Detroit Tigers
- Shortstop
- Born: August 28, 1996 (age 29) North Andover, Massachusetts, U.S.
- Bats: RightThrows: Right

= Max Burt (baseball) =

American baseball player (born 1996)

Maxwell Joseph Burt (born August 28, 1996) is an American professional baseball infielder in the Detroit Tigers organization. He played college baseball at Northeastern University in Boston and played high school baseball at St. Johns Preparatory School in Danvers, Massachusetts.

Burt stands at 6'1" and weighs 200 lbs. He bats and throws right-handed.

== Amateur career ==

=== St. Johns Preparatory School ===
Burt played High School Baseball at St. Johns Preparatory School in Danvers, Massachusetts, where he was the captain of the baseball team as well as playing basketball all four years at St. Johns and golf for two years. He had a .330 career batting average at St. Johns while leading them to win the league championship in 2013 and 2014 as well as earning multiple awards at St. Johns.

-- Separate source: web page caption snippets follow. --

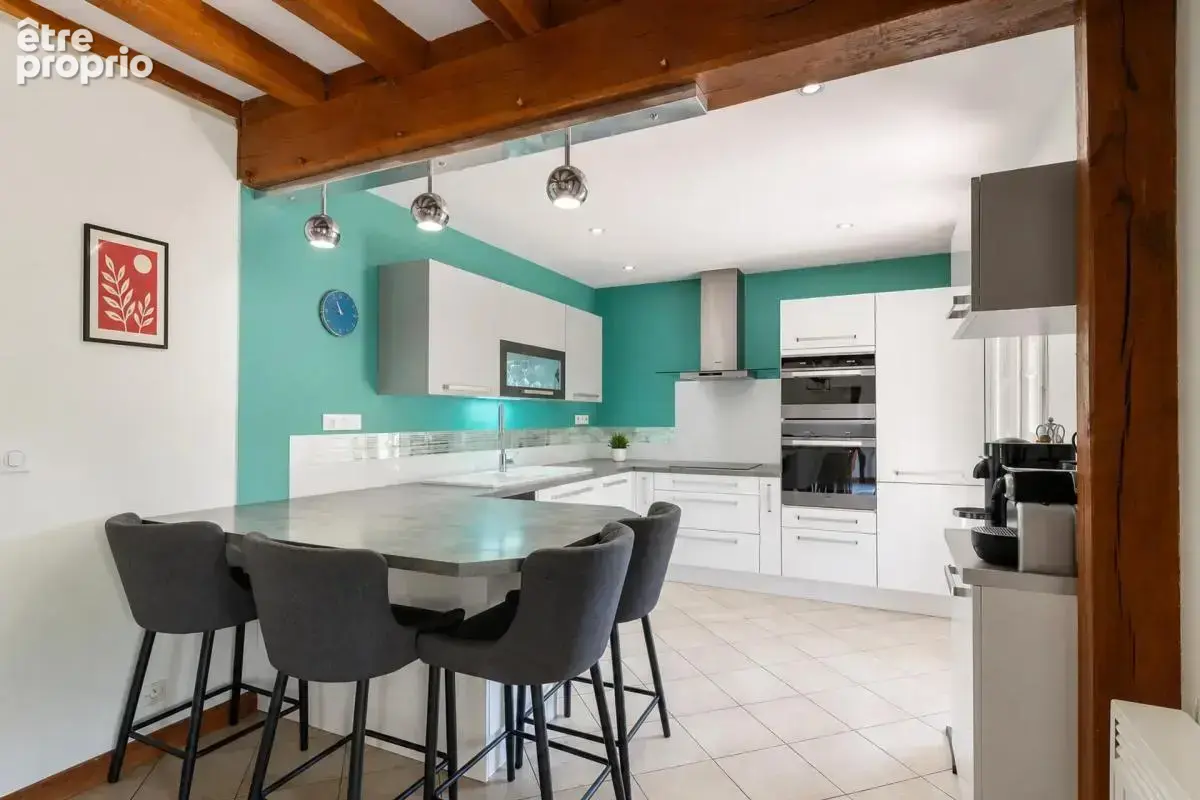 Maison de 7 pièces de 121 m² à Fontenay-Trésigny - photo 2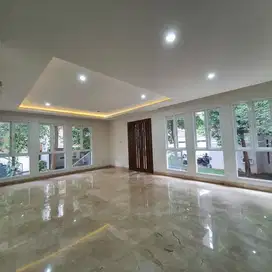 Rumah Townhouse Tawes, Tawes, Taman Pesona Townhouse, Jakarta Selatan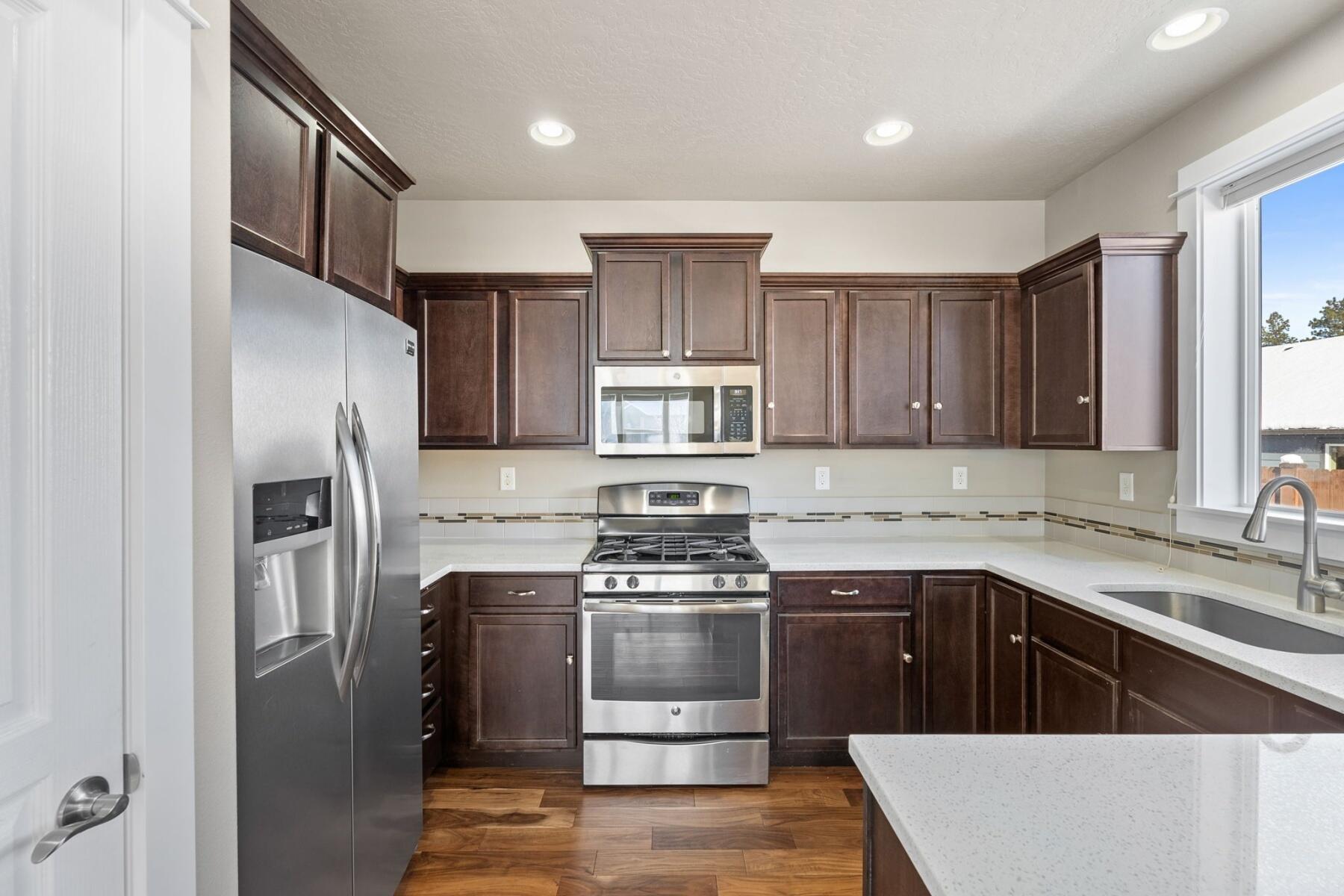 63277 NW Rossby Street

=== Northeastern University ===
He then played college ball for the Northeastern Huskies from 2015 to 2018, batting .260/.333/.367 with 214 hits, 12 home runs, 109 RBI and 33 stolen bases in 224 games. In 2017, he played collegiate summer baseball with the Harwich Mariners of the Cape Cod Baseball League.

== Professional career ==
===New York Yankees===
Burt was drafted by the New York Yankees in the 28th round of the 2018 Major League Baseball draft, 847th overall. He made his professional debut with the rookie-level Pulaski Yankees, where he slashed .274/.347/.366 with 51 hits, 21 RBI, and five stolen bases in 51 games.

Burt played in three different levels of the minor leagues in 2019, progressing from the Single-A Charleston RiverDogs to the High-A Tampa Tarpons, and finally to the Double-A Trenton Thunder. In 106 appearances split between the three affiliates, Burt hit .222/.272/.313 with eight home runs, 38 RBI, and five stolen bases. He did not play in a game in 2020 due to the cancellation of the minor league season because of the COVID-19 pandemic. Burt returned to action in 2021 with Tampa, the Double-A Somerset Patriots and Triple-A Scranton/Wilkes-Barre RailRiders. In 91 appearances split between the three affiliates, he slashed .237/.303/.373 with seven home runs, 35 RBI, and six stolen bases.

Burt spent the entire 2022 season with Double-A Somerset, hitting .205/.269/.373 with 11 home runs, 32 RBI, and 19 stolen bases over 85 games. He started off his 2023 campaign strong back with Somerset, going 11-for-21 (.524) with three home runs, and an Eastern League-leading 12 RBI and 1.625 OPS in the first seven games of the season. Burt credited an adjusted mentality while batting as a key component to his early success, saying "It's all mental for me. I knew I had all the physical attributes and stuff like that, but for me I needed to take a step up mentally and I knew that was my next step to kind of take me to that next level. I'm still working on it every day. You're only as good as your next at-bat." Burt attributed this change in mindset to Somerset's hitting coach, Jake Hirst, saying he helped him "dumb everything down" while in the batter's box, so he's not flooded with thoughts as the pitch is coming in. He reflected on his struggles at the plate in 2022, saying "Last year [2022] was too much life and death with every at-bat, where this year, I'm thinking more about the whole process. This season, every pitch is its own pitch, every pitch is its own entity. The at-bat I have in April is hopefully going to be the at-bat I have in October, so I'm viewing every pitch the exact same this year." His good play earned him a promotion to Triple-A Scranton on June 22, 2023. He played in only seven games for the RailRiders, where he went 2-for-16 (.125) with no home runs and one RBI before being sent back down to the Patriots. In 98 total appearances for both affiliates, Burt slashed an aggregate .235/.319/.393 with career-highs in home runs (12), RBI (44), stolen bases (21).

Burt split the 2024 campaign between the rookie-level Florida Complex League Yankees, Tampa, and Scranton, batting a cumulative .147/.218/.246 with five home runs, 22 RBI, and 16 stolen bases across 78 total appearances. He elected free agency following the season on November 4, 2024.

On March 18, 2025, Burt re-signed with the Yankees organization on a minor league contract. He made 68 appearances for Somerset and Scranton, hitting a combined .223/.296/.297 with 23 RBI and 11 stolen bases. Burt elected free agency following the season on November 6.

===Detroit Tigers===
On February 24, 2026, Burt signed a minor league contract with the Detroit Tigers organization.